Savaş dolu tarihleri boyunca bütün Avrupa ulusları kanlı çatışmalara girmiştir. Ulusların birbirlerini askeri ve düşünsel olarak karşılarına almış olmaları gerçeğinden çıkarılan ders, İkinci Dünya Savaşı’ndan sonra işbirliğine yönelik yeni uluslarüstü ilişki biçimlerinin geliştirilmesini sağlamıştır. Avrupa Birliği’nin başarı öyküsü, Avrupalılarda, devlet egemenliğinin sınırlandırılmasının küresel boyutta da devletlerin egemenliklerinin karşılıklı olarak sınırlandırılması düşüncesinin doğru olduğunu perçinlemiştir.
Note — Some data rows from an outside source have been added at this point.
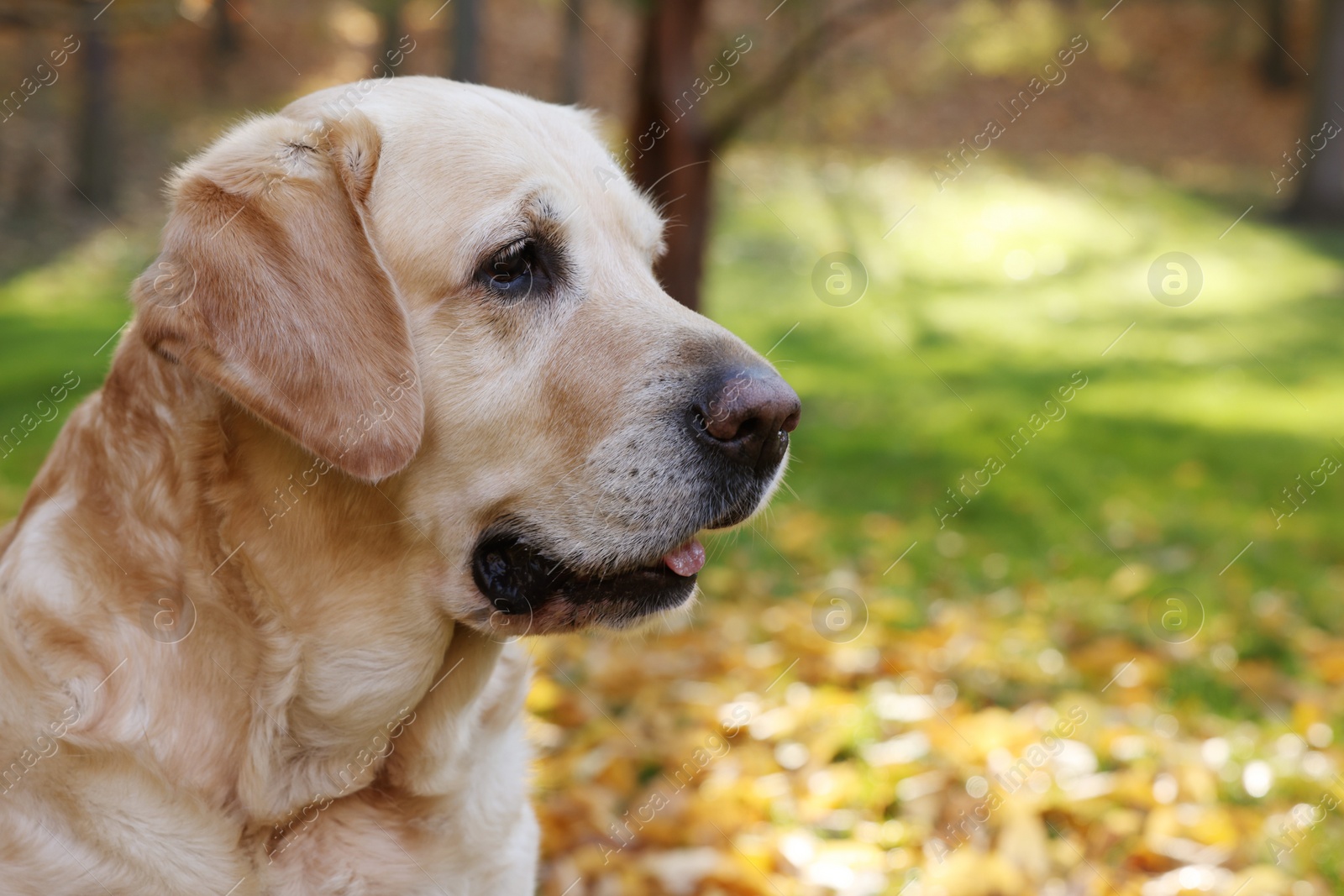 Photo of Cute Labrador Retriever dog in sunny autumn park, closeup. Space for text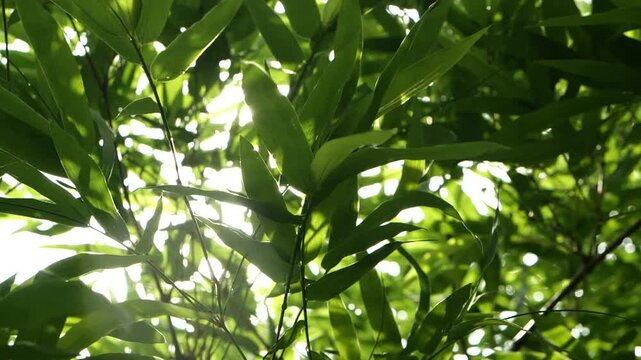 Close up green leaf Bamboo forest with morning sunlight, water drop on the leaves, beautiful sun rays through the green leaves waving against the wind, slow motion. Concept green, Ecology, Earth Day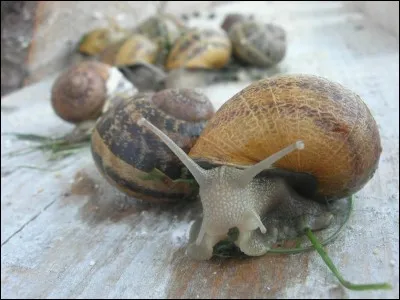 Combien y a-t-il d'escargots ?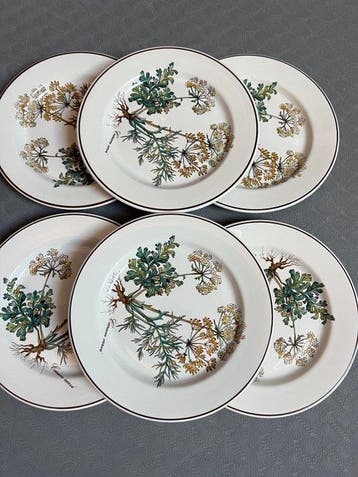 Villeroy & Boch - Bord (6) - botanica - Porselein - 17 cm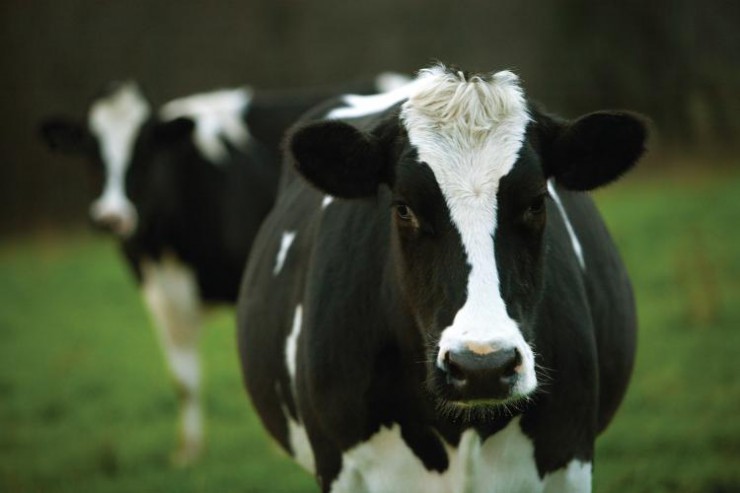 Segredo das vacas leiteiras: Concepção tardia aumenta produção de leite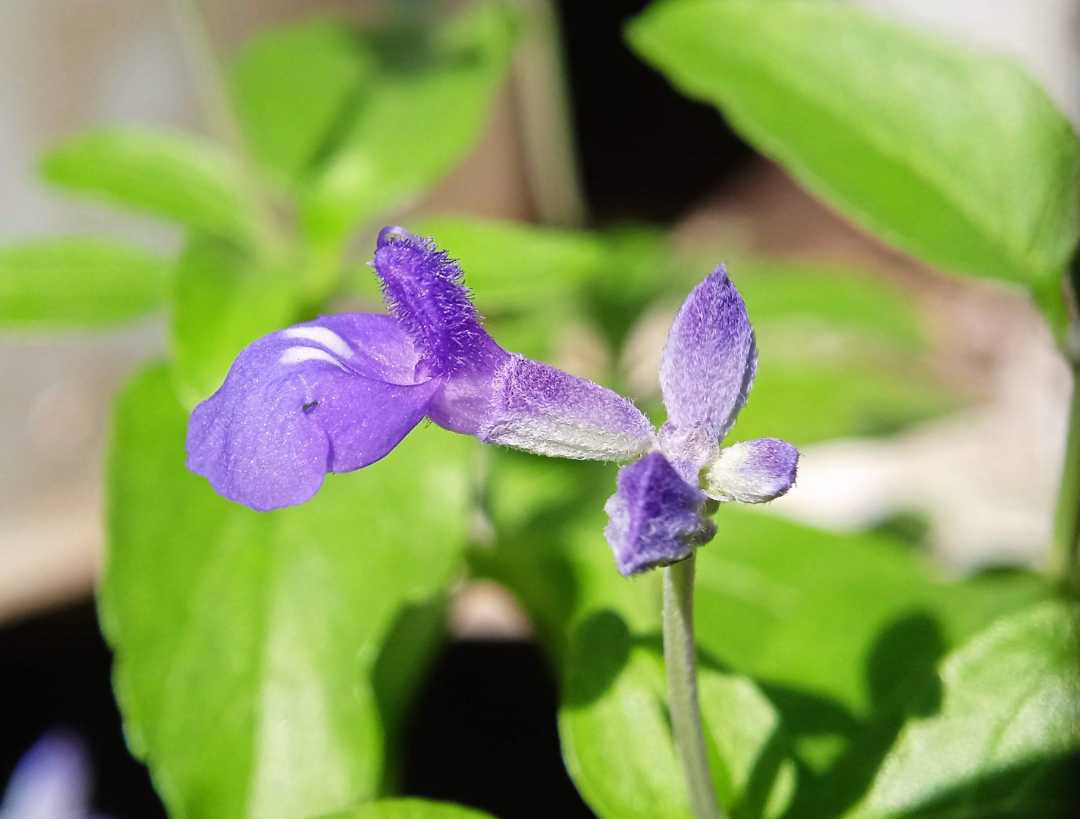 Savia lycioides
Her büyük Avrupa ulusu yayılmacı iktidarlarının doruk noktasına ulaştığı bir çağı yaşamış ve - bizim bağlamımızda daha önemli olan - imparatorluklarının kaybını hazmetmek gibi bir deneyim geçirmek zorunda kalmışlardır. Bu düşüş deneyimi birçok örnekte kendini sömürgelerin kaybında somutlamaktadır. Avrupa devletleri, yayılmacı egemenlik pratiğine ve sömürge tarihine olan mesafe büyüdükçe, kendilerini daha mesafeli ve eleştirel bir gözle değerlendirme şansını yakalamışlardır. Bu sayede, olgulara mağlup olanların perspektifinden bakarak, dayatmacı ve köksüzleştirici bir modernleşme sürecinin sorumlusu olan galiplerin konumunu kuşkulu bir yaklaşımla algılayabilmişlerdir. Bu gerçek, Avrupa merkeziyetçiliğinden vazgeçilmesini teşvik etmiş ve bir dünya iç politikasına duyulan Kantçı umudun daha da büyümesine yolaçmış olabilir.